I asked my boss to call the police, and an officer apparently contacted her sister. They prevented her from committing suicide that day. I’m unsure if she’s still alive today, but I hope she wasn’t mad at me for trying to help. :/”
5. Kind of gross
“Old porn DVD’s donated with a crock pot full of moldy bean water.”
6. Score!
“I used to work at Value Village and one day somebody brought in an entire truck load of machines used in a convenience store. Those hot dog rollers, slurpee machine, warming cases and surprisingly that ended up selling them.”
7. Hopefully it goes to a nice home
“A glass jar labeled “fart june. 1975” “
8. The Mystery Knitter
“The mystery knitter. So every so often, at various times of various days, a bag would appear. A nondescript white bag, full, with white tissue paper on top. In the bag would be beautiful knitted baby wear – cardigans, hats, bootees, all different sizes and colors.
All hand knitted, with the same talcum powder scent. We’d try to stake the front of shop out to find out who but we never did. I still go in for a chat and a rummage and the Mystery Knitter is still at it. We like to think of some wee old lady lurking around until the coast is clear then finagling the bag into the shop and leaving the scene unnoticed.”
9. That’s cool
“One time a guy came to the donation center and asked me, “do you guys take magazines?” I told him, “generally no, unless they’re old enough to potentially be collectable.” He said “why don’t you take a look at them and let me know what you think?”

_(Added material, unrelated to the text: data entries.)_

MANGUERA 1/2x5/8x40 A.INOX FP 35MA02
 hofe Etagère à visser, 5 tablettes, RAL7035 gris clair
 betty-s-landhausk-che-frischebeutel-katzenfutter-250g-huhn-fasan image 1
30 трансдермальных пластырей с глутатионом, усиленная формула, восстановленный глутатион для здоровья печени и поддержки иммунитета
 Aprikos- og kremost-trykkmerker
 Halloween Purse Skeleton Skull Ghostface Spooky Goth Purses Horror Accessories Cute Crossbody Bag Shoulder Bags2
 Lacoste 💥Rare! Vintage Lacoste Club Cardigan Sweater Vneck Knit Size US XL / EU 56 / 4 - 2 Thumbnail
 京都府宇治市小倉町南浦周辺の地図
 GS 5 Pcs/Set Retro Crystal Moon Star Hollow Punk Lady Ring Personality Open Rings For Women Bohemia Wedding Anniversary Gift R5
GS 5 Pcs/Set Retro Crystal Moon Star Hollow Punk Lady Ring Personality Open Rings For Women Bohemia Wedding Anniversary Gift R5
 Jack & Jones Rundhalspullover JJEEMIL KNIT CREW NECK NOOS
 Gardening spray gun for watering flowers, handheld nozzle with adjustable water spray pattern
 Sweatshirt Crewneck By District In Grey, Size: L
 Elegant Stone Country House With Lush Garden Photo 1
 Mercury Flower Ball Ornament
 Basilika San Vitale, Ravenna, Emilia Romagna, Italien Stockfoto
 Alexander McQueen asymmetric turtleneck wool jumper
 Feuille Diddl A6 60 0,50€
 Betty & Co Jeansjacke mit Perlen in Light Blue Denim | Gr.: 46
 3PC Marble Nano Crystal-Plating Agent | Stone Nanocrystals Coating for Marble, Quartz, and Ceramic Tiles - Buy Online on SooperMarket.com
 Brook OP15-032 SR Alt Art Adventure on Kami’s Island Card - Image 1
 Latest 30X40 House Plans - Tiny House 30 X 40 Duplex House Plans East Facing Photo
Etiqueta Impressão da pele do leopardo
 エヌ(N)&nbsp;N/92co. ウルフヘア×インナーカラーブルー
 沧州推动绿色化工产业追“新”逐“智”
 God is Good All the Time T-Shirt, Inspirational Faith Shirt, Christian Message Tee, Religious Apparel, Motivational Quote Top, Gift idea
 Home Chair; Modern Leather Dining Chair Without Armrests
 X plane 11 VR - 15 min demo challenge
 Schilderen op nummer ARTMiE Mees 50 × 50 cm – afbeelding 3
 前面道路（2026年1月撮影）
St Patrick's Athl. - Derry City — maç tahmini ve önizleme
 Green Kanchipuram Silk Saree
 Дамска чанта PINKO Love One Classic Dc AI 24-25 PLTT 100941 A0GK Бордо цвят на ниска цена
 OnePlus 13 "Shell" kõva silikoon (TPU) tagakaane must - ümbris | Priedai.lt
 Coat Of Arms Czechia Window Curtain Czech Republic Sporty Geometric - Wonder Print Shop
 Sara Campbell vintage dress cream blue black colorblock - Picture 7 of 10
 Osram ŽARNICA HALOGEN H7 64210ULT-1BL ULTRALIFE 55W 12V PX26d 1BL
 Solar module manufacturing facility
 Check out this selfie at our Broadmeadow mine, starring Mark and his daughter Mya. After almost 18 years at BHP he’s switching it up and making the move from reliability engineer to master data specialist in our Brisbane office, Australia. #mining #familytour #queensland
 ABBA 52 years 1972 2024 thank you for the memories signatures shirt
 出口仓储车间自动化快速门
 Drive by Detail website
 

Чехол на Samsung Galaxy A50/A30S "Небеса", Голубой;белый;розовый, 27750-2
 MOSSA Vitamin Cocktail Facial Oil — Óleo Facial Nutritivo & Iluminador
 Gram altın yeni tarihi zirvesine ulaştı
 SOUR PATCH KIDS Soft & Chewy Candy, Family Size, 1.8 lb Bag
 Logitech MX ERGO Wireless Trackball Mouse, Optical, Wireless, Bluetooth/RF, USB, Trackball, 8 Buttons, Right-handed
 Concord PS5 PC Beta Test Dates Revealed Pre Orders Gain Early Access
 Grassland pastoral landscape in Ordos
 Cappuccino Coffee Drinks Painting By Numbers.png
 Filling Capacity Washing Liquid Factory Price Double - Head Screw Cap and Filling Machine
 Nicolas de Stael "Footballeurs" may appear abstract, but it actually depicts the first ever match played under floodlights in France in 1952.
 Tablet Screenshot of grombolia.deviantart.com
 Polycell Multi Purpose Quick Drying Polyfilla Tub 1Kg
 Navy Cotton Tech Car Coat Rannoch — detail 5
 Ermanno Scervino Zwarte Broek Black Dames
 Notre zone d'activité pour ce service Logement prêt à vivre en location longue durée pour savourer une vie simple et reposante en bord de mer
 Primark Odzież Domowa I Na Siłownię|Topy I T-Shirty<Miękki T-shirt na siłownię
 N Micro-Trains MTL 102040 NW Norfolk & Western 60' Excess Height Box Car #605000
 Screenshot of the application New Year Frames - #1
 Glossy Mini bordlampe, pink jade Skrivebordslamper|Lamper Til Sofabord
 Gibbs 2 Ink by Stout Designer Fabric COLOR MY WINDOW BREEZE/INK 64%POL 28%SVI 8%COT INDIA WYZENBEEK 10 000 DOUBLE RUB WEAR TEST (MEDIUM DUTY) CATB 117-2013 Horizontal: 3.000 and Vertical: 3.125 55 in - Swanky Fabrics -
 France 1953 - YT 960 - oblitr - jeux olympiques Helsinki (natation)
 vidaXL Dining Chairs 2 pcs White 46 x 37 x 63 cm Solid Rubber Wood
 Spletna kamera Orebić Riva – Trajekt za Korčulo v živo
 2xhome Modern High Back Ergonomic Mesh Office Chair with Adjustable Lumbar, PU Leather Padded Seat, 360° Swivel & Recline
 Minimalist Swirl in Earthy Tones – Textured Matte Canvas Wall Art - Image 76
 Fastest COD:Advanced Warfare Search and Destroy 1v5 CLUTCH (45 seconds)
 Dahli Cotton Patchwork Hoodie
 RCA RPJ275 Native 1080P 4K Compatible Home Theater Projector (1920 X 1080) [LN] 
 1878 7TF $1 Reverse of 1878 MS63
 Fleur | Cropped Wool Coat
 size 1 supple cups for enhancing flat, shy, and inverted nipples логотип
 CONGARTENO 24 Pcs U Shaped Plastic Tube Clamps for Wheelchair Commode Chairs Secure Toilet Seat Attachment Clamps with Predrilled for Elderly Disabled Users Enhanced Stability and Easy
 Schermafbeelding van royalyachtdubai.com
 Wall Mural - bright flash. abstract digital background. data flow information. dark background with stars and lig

So I open up the first box, and right on top is a Time Magazine with a picture of the Moon landing, dated July of 1969. So of course I tell the guy “yeah ok, we can take these.” He had two boxes of them, and most of them were pretty big stories, though I can’t remember any others he had off the top of my head.”
10. A whole smorgasbord
“I was a lead at a goodwill until about summer last year but man, the stuff we would see. Enjoy!
“Oh my god my time to shine.
“Peter Meter” -a really tall- “shot glass,” to measure wang size with
Fully loaded guns
Meth, at least three times
And my personal favorite, our poor dead guy Gregory. He’s a box of ashes that we have to keep in the cash room, because we have to wait for Loss Control (or whoever) to pick him up. He’s been with us for over a year now, because no one from Corporate ever takes him, and myself and quite a few coworkers are very fond of him. Any time we get a new cashier, we make sure to introduce them to Greg, and any time something weird happens, well, it was probably Gregory’s ghost.”
11. I hope nobody took them
“Bath salts
..the drug.”
12. What a deal!
“My friend had a summer job at a Goodwill in Sacramento. Someone ended up literally donating a greasy McDonald’s french fry wrapper. He was told to put it in the toys section. It was sold for 49 cents.”
13. Wear your gloves
“One of the weirder things I have found was a hard cover cardboard children’s book with a hole directly in the middle. Each page of the book had a unique background (e.g. a hot dog bun) and presumably the reader was supposed to stick their d*ck through the hole to see it in front of a specific background. Goes without saying that I made sure I had gloves on before I threw that one out.”
14. Two for one!
“When I worked there we got a
pink d*ldo with a taser on the other end.”
15. Poor guy
“It was my second week working in processing housewares. I opened a black trash bag to find a half stuffed raccoon…. it was like someone began the taxidermy process but didn’t finish. Poor lil trash panda.”